TENINO — Native prairie in South Puget Sound is vanishing. But thanks to the Grassland Reserve Program, administered by the U.S. Department of Agriculture's Natural Resources Conservation Service, one Washington family will be able to keep a piece of that prairie safe from development and true to its original roots.
The 216-acre easement on the Colvin ranch near Tenino represents the first such GRP project in Washington.
GRP is a voluntary program offering landowners the opportunity to protect, restore and enhance grassland, range land, pasture land and shrub land on their property through easements that utilize controlled grazing to maintain healthy prairie vegetation.
The program is focusing on enrolling existing high quality native grasslands that have the greatest biodiversity and the greatest risk of conversion to other, more intensive agricultural uses and/or commercial use.
"GRP conserves vulnerable grasslands while helping to maintain viable ranching operations," said Gus Hughbanks, NRCS state conservationist.
According to Hughbanks, grasslands provide critical ecological benefits that play a key role in environmental quality.
"GRP helps protect valuable grasslands from conversion to other land uses — thus helping to ensure this natural resource is available to future generations," he said.
The Colvin ranch, a Century Farm, was homesteaded in 1865 by Ignatius Colvin. Colvin settled in the Tenino area, on about 320 acres of the 250,000 acres of South Puget Sound native prairies.
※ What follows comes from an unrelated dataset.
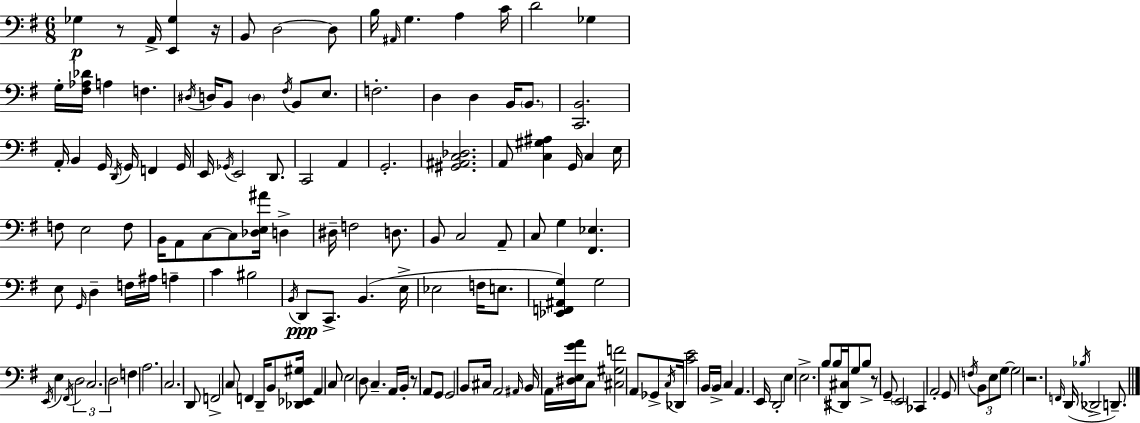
Gb3/q R/e A2/s [E2,Gb3]/q R/s B2/e D3/h D3/e B3/s A#2/s G3/q. A3/q C4/s D4/h Gb3/q G3/s [F#3,Ab3,Db4]/s A3/q F3/q. D#3/s D3/s B2/e D3/q F#3/s B2/e E3/e. F3/h. D3/q D3/q B2/s B2/e. [C2,B2]/h. A2/s B2/q G2/s D2/s G2/s F2/q G2/s E2/s Gb2/s E2/h D2/e. C2/h A2/q G2/h. [G#2,A#2,C3,Db3]/h. A2/e [C3,G#3,A#3]/q G2/s C3/q E3/s F3/e E3/h F3/e B2/s A2/e C3/e C3/e [Db3,E3,A#4]/s D3/q D#3/s F3/h D3/e. B2/e C3/h A2/e C3/e G3/q [F#2,Eb3]/q. E3/e G2/s D3/q F3/s A#3/s A3/q C4/q BIS3/h B2/s D2/e C2/e. B2/q. E3/s Eb3/h F3/s E3/e. [Eb2,F2,A#2,G3]/q G3/h E2/s E3/q F#2/s D3/h C3/h. D3/h F3/q A3/h. C3/h. D2/e F2/h C3/e F2/q D2/s B2/e [Db2,Eb2,G#3]/s A2/q C3/e E3/h D3/e C3/q. A2/s B2/s R/e A2/e G2/e G2/h B2/e C#3/s A2/h A#2/s B2/s A2/s [D#3,E3,G4,A4]/s C3/e [C#3,G#3,F4]/h A2/e Gb2/e C3/s Db2/s [C4,E4]/h B2/s B2/s C3/q A2/q. E2/s D2/h E3/q E3/h. B3/e B3/s [D#2,C#3]/s G3/e B3/e R/e G2/e E2/h CES2/q A2/h G2/e F3/s B2/e E3/e G3/e G3/h R/h. F2/s D2/s Bb3/s Db2/h D2/e.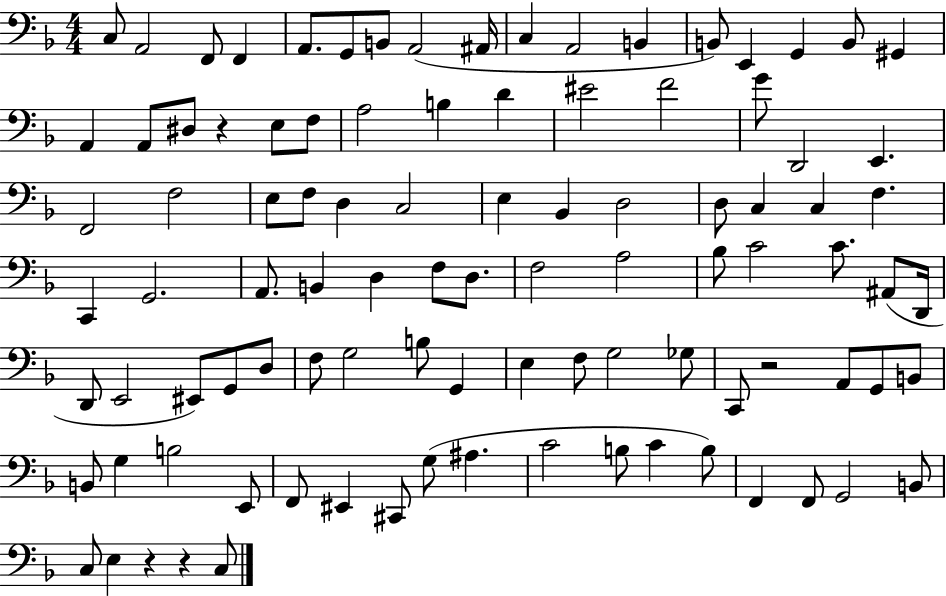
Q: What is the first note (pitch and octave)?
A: C3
Fred Colvin, the great-grandson of Ignatius, said he and his family looked at the GRP program as a tool to keep the ranch together for future generations — allowing private ownership on working agricultural lands.
"GRP will allow us to conserve working lands and maintain the native prairie, by using grazing as a management tool," Colvin said.
Generations of the Colvin family successfully operated the cattle ranch while maintaining the native prairie. The preservation and maintenance of this 216-acre native prairie area is now the basis of the Colvin family's GRP grazing plan. The prairie maintenance activities will be intensively managed through the livestock grazing plan developed
between the Colvin's and the NRCS.
According to the NRCS, prairies such as those owned by the Colvins are ecologically unique.
"These prairies are home to a specific composition of flora and fauna solely adapted to the cobbles and porous
soils formed on the out wash plain of the Vashon Glacier," Hughbanks said.
Hughbanks sees the easement as a win-win for farming and the environment.
"The acquisition of this easement constitutes a success for sustainable agriculture, proper grazing land stewardship, grassland ecology, and the conservation of priority habitats," he said.